**PROMPT:** Within the lines below, the span from the line with "Shangri-La Haba Summit" to the line with "A young professional", both ends included, is to be reproduced exactly, with pictures omitted.

====== INPUT

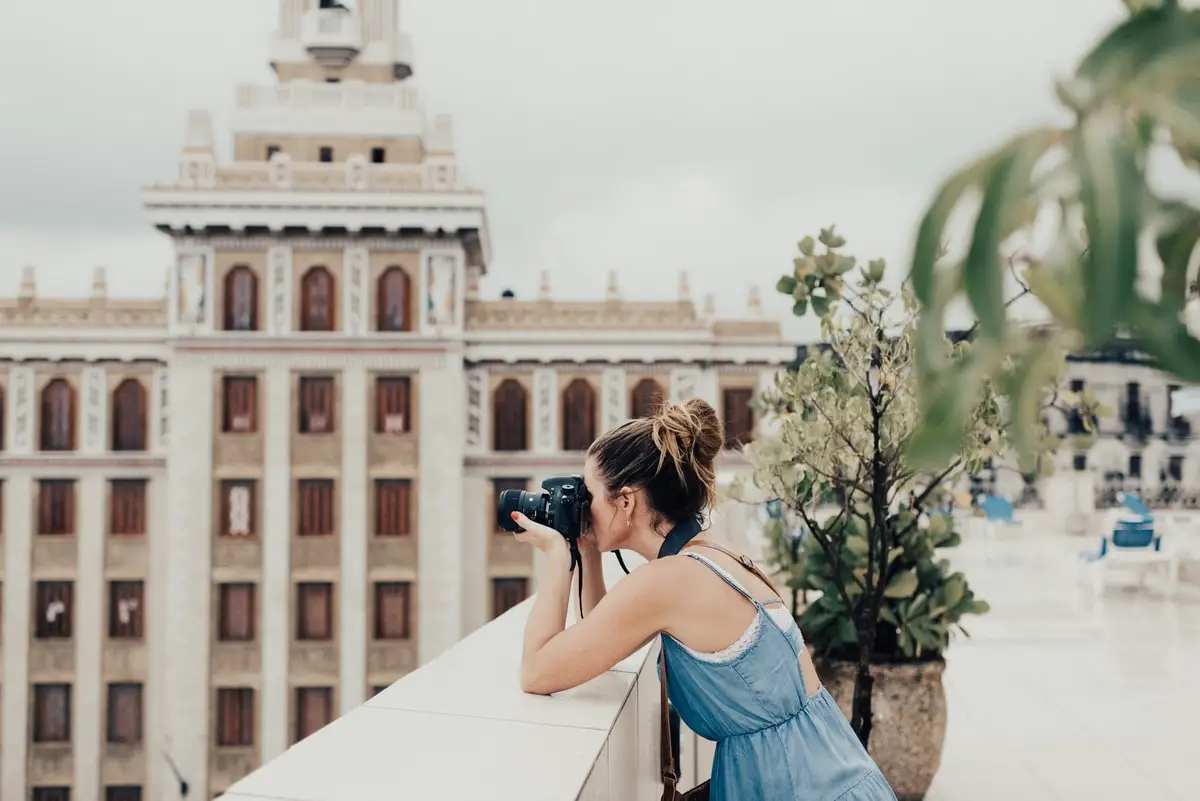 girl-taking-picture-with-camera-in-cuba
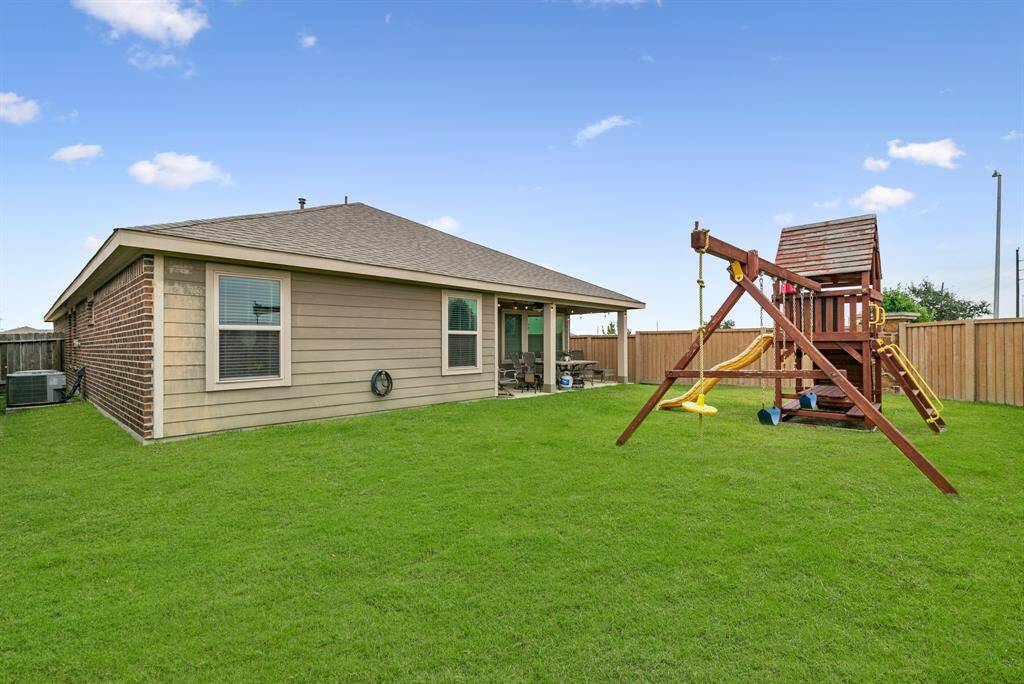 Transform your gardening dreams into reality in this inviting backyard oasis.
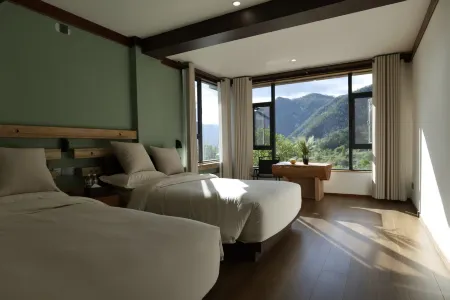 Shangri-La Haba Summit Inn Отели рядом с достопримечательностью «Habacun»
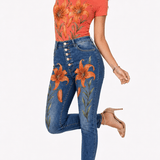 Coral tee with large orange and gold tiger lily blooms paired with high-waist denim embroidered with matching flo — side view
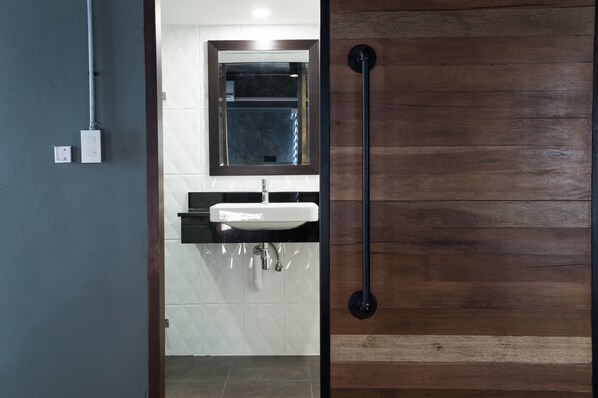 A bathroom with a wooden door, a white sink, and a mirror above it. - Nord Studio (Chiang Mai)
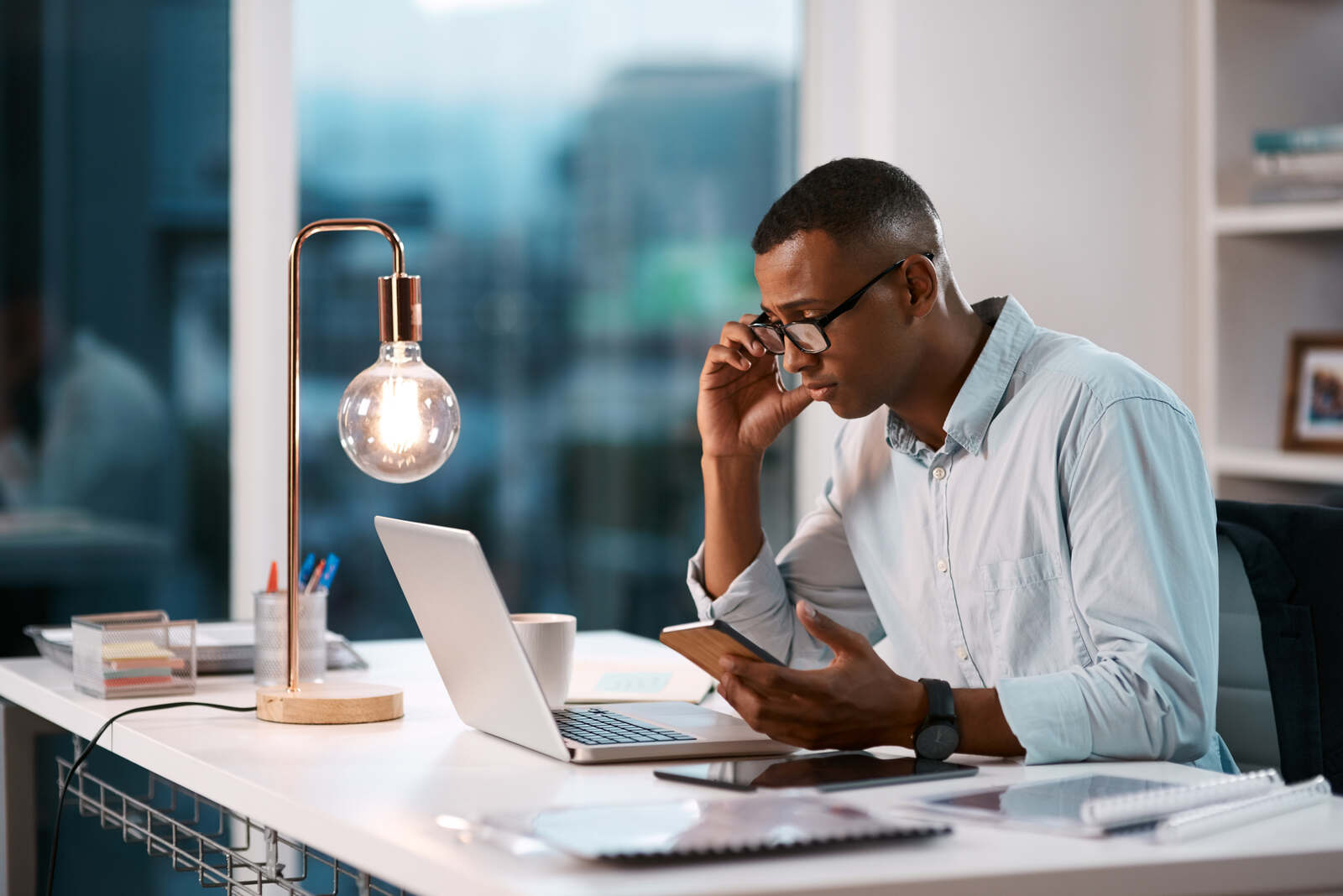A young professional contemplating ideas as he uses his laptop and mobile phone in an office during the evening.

============
====== INPUT

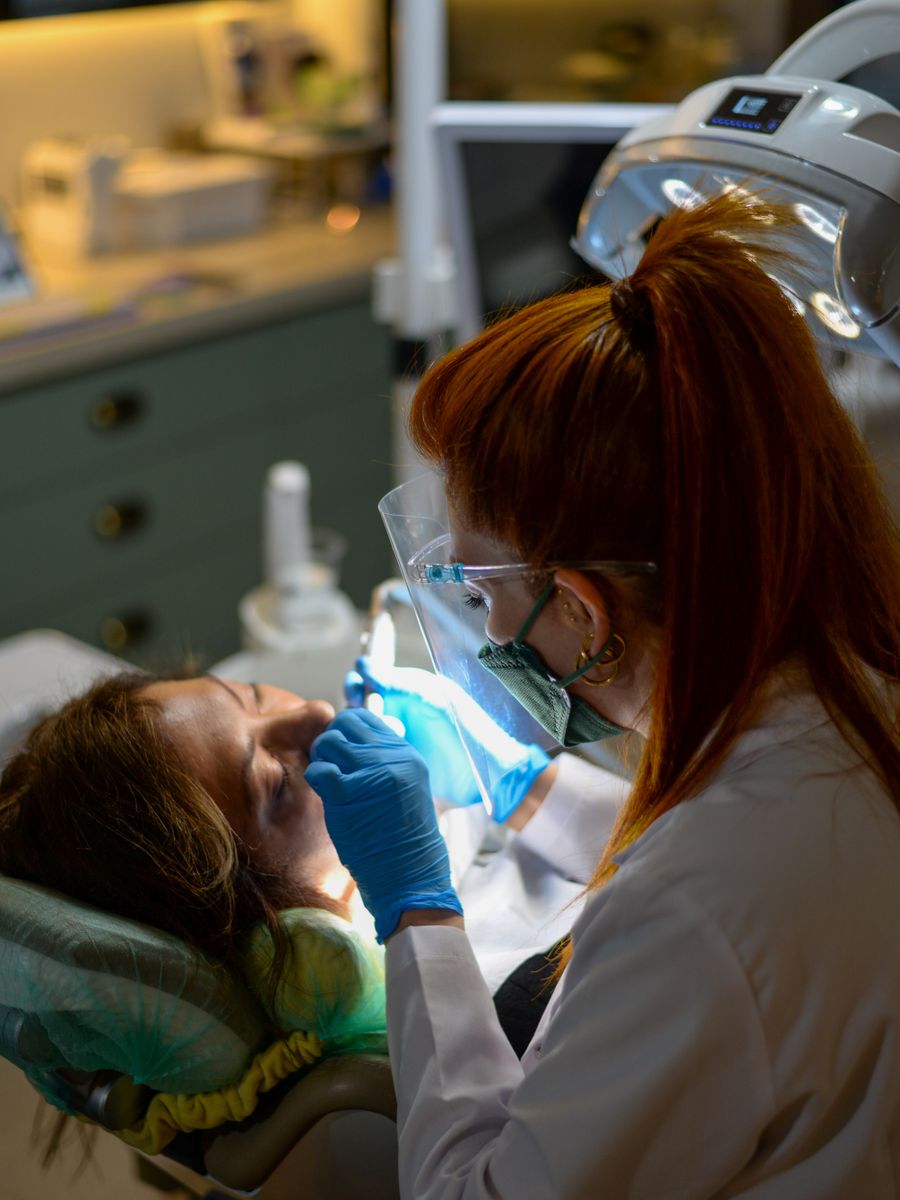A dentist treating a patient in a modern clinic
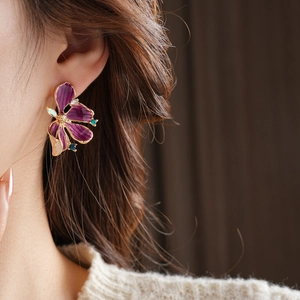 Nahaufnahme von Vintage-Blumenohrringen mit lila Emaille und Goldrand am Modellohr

============

**TASK SOLUTION:**
 Shangri-La Haba Summit Inn Отели рядом с достопримечательностью «Habacun»
 Coral tee with large orange and gold tiger lily blooms paired with high-waist denim embroidered with matching flo — side view
 A bathroom with a wooden door, a white sink, and a mirror above it. - Nord Studio (Chiang Mai)
A young professional contemplating ideas as he uses his laptop and mobile phone in an office during the evening.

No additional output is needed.